Content starts
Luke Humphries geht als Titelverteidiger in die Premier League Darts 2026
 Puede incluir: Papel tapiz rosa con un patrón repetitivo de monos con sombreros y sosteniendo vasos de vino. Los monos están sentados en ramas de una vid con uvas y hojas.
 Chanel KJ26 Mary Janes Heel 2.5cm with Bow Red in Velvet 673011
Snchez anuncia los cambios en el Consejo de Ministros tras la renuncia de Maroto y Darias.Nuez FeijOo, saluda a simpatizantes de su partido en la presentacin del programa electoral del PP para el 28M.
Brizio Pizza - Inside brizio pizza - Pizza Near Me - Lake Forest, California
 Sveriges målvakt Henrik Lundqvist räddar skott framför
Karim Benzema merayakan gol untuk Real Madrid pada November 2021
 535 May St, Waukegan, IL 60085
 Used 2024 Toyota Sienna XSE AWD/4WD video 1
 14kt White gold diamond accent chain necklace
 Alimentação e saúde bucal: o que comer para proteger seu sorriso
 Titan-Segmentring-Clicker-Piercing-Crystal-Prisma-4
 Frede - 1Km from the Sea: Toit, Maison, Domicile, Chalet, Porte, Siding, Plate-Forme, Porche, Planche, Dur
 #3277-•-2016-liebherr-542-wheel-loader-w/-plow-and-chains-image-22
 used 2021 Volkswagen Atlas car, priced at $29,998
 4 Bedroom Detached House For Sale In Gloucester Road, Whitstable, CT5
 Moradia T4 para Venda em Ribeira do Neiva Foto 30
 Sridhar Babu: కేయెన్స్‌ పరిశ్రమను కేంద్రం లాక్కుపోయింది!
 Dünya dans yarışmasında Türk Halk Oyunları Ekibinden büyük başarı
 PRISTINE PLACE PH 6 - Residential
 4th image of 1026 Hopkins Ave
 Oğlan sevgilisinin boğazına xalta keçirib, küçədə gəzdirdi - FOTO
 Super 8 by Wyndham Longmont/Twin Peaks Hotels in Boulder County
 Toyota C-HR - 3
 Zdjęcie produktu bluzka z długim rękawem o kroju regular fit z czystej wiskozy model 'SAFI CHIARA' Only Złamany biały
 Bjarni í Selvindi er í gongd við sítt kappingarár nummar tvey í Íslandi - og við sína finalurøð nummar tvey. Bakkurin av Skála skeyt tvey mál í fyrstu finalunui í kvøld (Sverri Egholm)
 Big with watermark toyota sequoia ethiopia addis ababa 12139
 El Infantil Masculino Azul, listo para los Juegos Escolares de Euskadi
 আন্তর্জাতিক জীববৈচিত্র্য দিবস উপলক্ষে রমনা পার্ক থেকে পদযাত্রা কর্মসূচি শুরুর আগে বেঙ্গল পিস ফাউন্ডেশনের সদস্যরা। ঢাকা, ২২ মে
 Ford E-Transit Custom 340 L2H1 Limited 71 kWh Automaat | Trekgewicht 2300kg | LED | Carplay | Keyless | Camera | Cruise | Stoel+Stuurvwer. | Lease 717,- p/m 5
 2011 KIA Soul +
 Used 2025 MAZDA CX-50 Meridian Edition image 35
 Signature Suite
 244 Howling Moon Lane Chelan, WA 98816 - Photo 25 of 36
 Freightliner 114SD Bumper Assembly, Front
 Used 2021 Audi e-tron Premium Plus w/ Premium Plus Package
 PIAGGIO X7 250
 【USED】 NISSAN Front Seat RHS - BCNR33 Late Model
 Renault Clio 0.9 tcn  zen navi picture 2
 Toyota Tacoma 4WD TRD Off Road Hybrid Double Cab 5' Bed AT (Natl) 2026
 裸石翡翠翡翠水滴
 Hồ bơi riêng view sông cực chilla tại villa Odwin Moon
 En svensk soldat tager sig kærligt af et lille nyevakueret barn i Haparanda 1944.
Content ends
- [WORK ITEM]: All lines in the records above that contain "Moon" are to be reported.

- [EXPECTED OUTPUT]:
 244 Howling Moon Lane Chelan, WA 98816 - Photo 25 of 36
 Hồ bơi riêng view sông cực chilla tại villa Odwin Moon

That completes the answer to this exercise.